Israel November 13, 2013 - 7:24 AM

Wow Golda you are absolutely beautiful…

J. Wilson March 20, 2012 - 10:48 AM

“Being blind to the differences between us is no virtue, because it assumes equality of experience. Fair doesn’t always mean equal.” When I read this comment, I thought, “someone finally gets it.” I have a problem with people saying that they don’t see color because as a Black woman, I can’t afford to have that mentality for survival reasons. In addition, if anyone would take the time and read the blogs (I’ve read nearly all of them over the past two months) they would quickly realize that the information Ericka posts on this site is useful to just about anyone. C’mon people!

Marisa March 20, 2012 - 11:22 AM

Thank you Erika for this post! It’s (mostly!) everything I’ve wanted to say at various times in my workplace. I’m the only Black person in my dept. & we’ve recently started this Wellness Program and your website has been a blessing. I can’t explain it as eloquently as you but it’s funny being in a meeting and hearing people stress over being “fat” & they are several sizes smaller than me! It doesn’t affect my self-esteem because I was raised and have experienced that there are different definitions of beauty, especially in different cultures.

The idea that while society places limitations on what I am capable of as a woman, I have to dually face the challenges of facing those limitations as well as the limitations society places on me for being Black.

Excerpted from Blogging While Black: On Having An Accidentally Controversial Blog Title | A Black Girl’s Guide To Weight Loss

LOVE THIS!

curlsz May 24, 2012 - 11:49 PM

I came to this blog through Fitfluential tweeting your coffee post – the first thing that struck me was your writing, unlike a lot of health/fitness bloggers, yours was actually good!!! AND you had something to say, not just a photo journal of what you ate today (zzzzzz) – THEN I noticed the title and I’ll be honest my first thought was – huh? – but I quickly moved past that and started digging in to some truly quality articles with fantastic writing and research, two elements I really can eat up.

My race isn’t important, I’m just a blog reader so who cares what I am. I’m comfortable being who I am and reading whatever blogs I want to read – thank you for contributing in a society that isn’t always easy to comfortably contribute to.

Erika Nicole Kendall May 25, 2012 - 6:21 PM

*hug*

Charlotte May 29, 2012 - 12:36 PM

I wish that “Unpacking the Invisible Backpack” were required reading at the middle school level. It would make the world a better place.

I’m not Black and I do love your blog *and* do also appreciate that having a Black focused blog makes a lot of damn sense, because I am *not* colorblind and do see who is represented in most media. It does the world good to read different perspectives.

You rock! Keep up the writing! So much of what you write just has me nodding my head and agreeing. Love it.

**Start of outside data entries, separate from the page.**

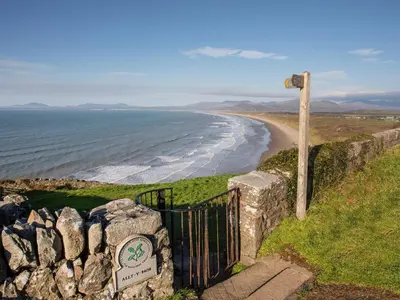 a gate on a hill next to a beach at Platinum Lodge 503 in Talybont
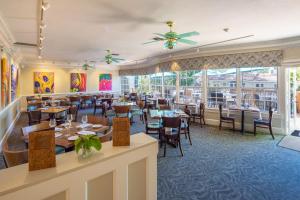 um restaurante com mesas, cadeiras e janelas em Shangri-La Springs em Bonita Springs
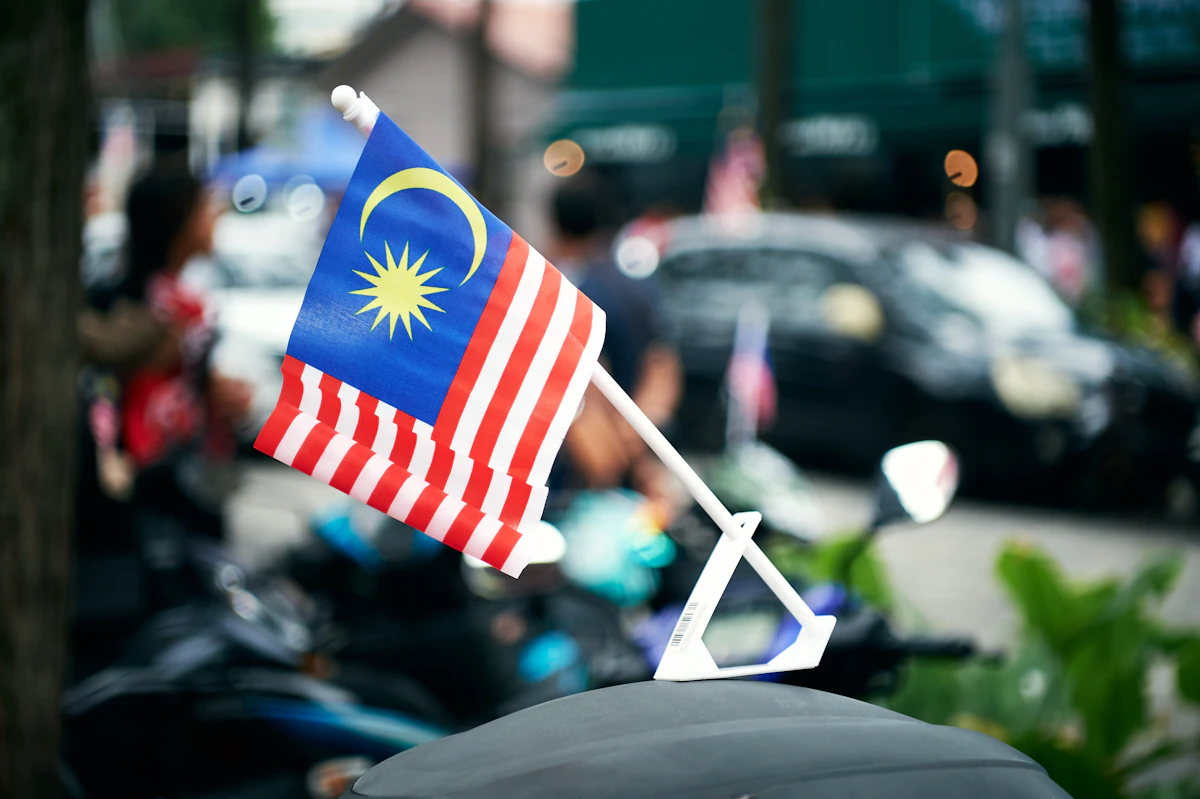 Malaysian flag waving on a pole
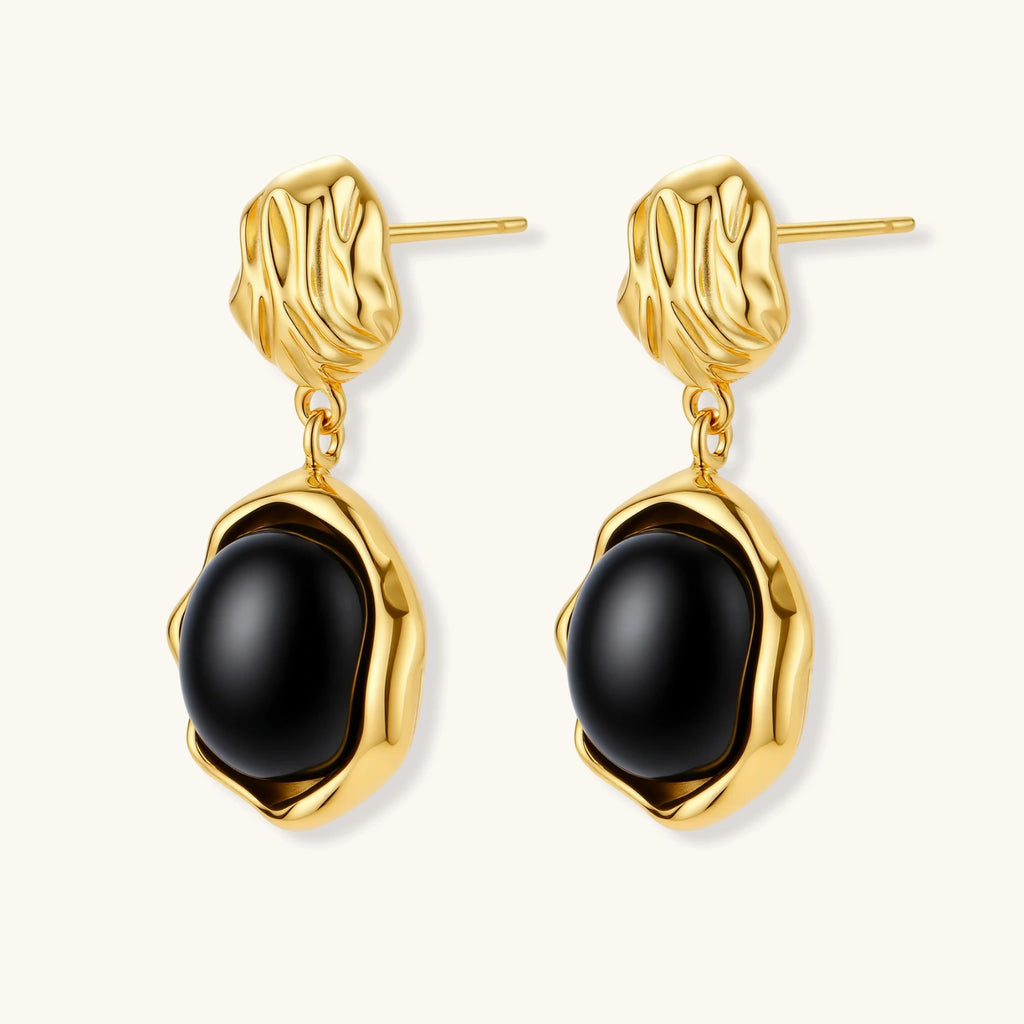 Gold-plated rippled stud earrings with black agate stone drops on white background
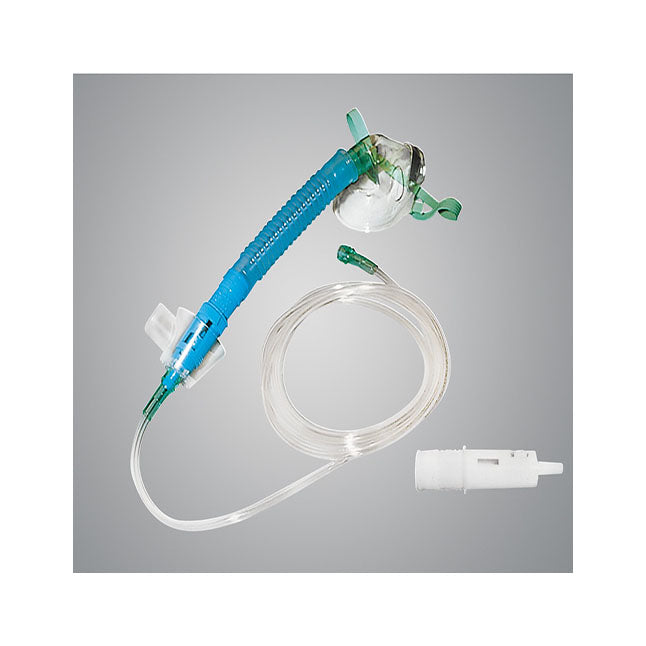 An oxygen mask with a blue corrugated hose and clear tubing lies on a gray surface. A white plastic connector is located near the end of the tubing.
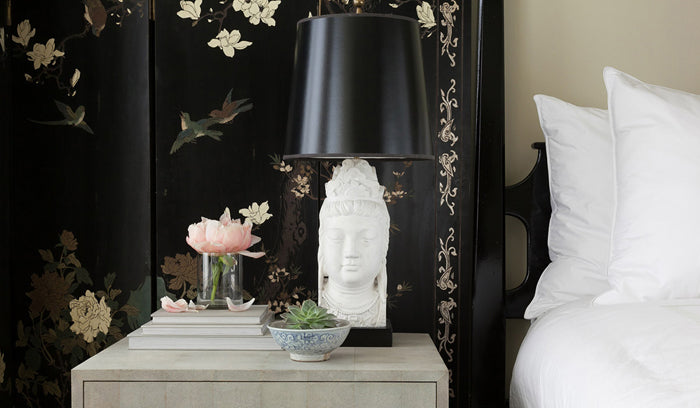 bedroom with Buddha lamp, white bedding and ornate black wallpaper | interior design by Grant K. Gibson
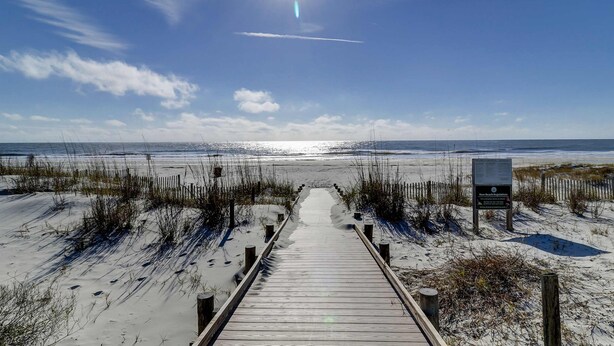 Ein hölzerner Steg führt zu einem Strand mit einem sandigen Pfad, einem klaren Himmel und einem Schild.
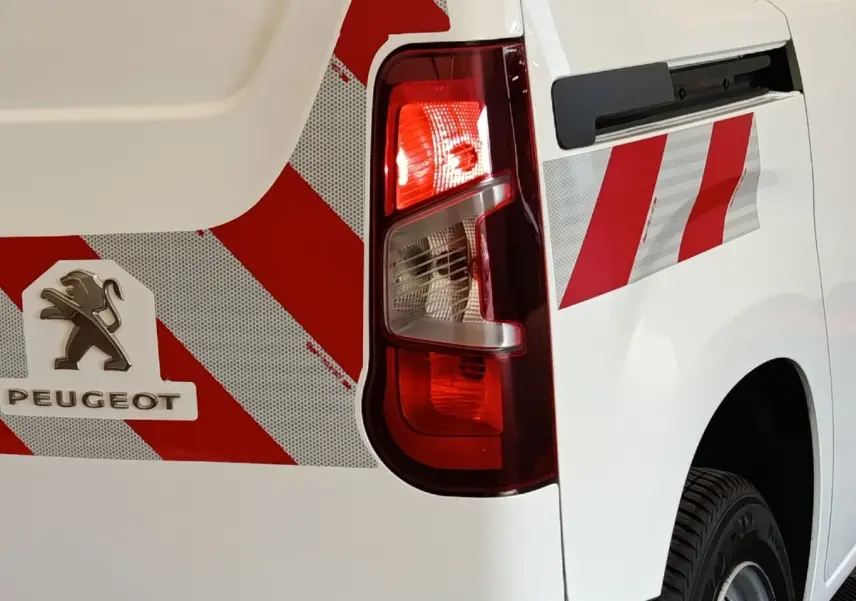Gros plan sur l'arrière droit blanc du Peugeot Partner 2022 avec bandes rouges réfléchissantes et feu arrière allumé.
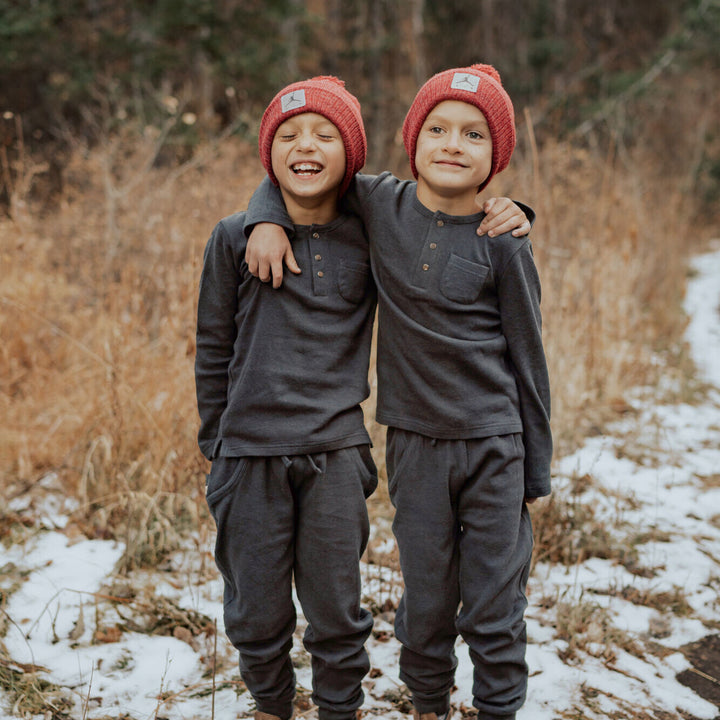 Child wearing Kids' Organic  Thermal Henley & Jogger Set in Coal.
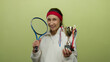 © Krakenimages.com - Young woman holding tennis racket and trophy smiling confidently against isolated yellow background showcasing athletic achievement and joy.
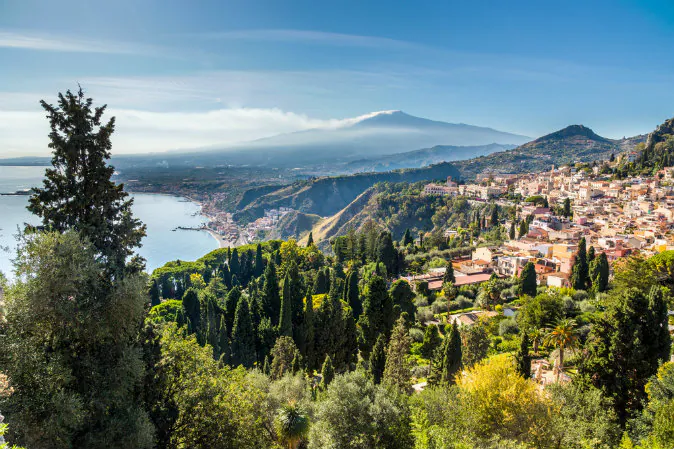 Taormina and the Etna via Shutterstock*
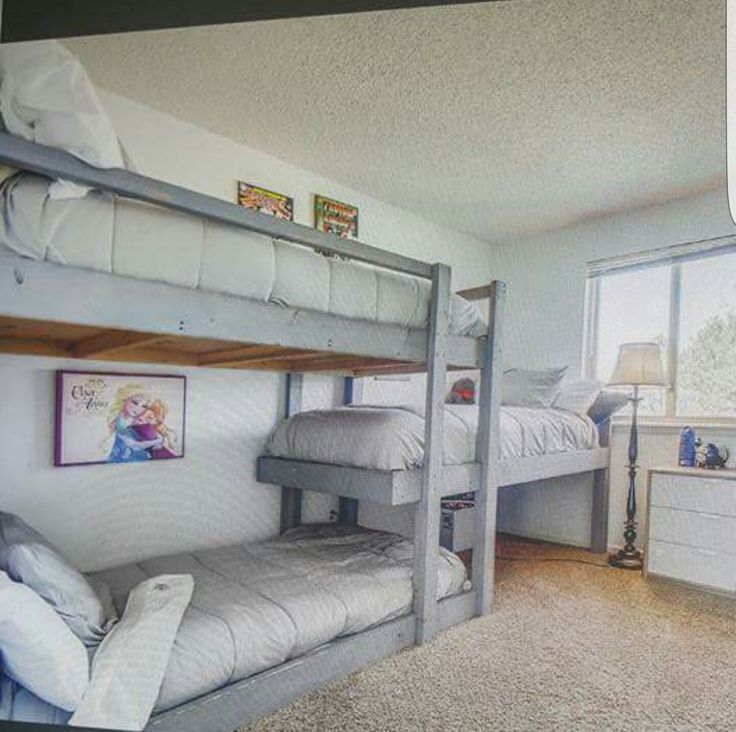 a bedroom with bunk beds and white walls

amy July 9, 2012 - 11:04 PM

I just have to say I loved this blog…I have a little story to tell (quick and sweet)… my Dad (stepdad technically) is black and I am not… My daughter was 3 or 4 at the time and I asked her what her favorite color was… she said brown like Papa… right then and there I knew that color and/ or race is clearly apparent in our world and so is a little childs perception of love and goodness. I may notice that youre black and you may notice that Im white and we can find beauty, respect, love and imbrace our humanity together 🙂

JK September 3, 2012 - 7:51 AM

Like a lot of the other commenters here atm, I’m a white girl who has been reading your blog for uhh, maybe almost a year now… without ever commenting before. I found it by accident through google or such ( I think I might have been looking for the Beyonce diet or something LOL. Shame, younger me, shaaame) and saw the title. Of course I kinda went “Well, this isn’t really for me then.”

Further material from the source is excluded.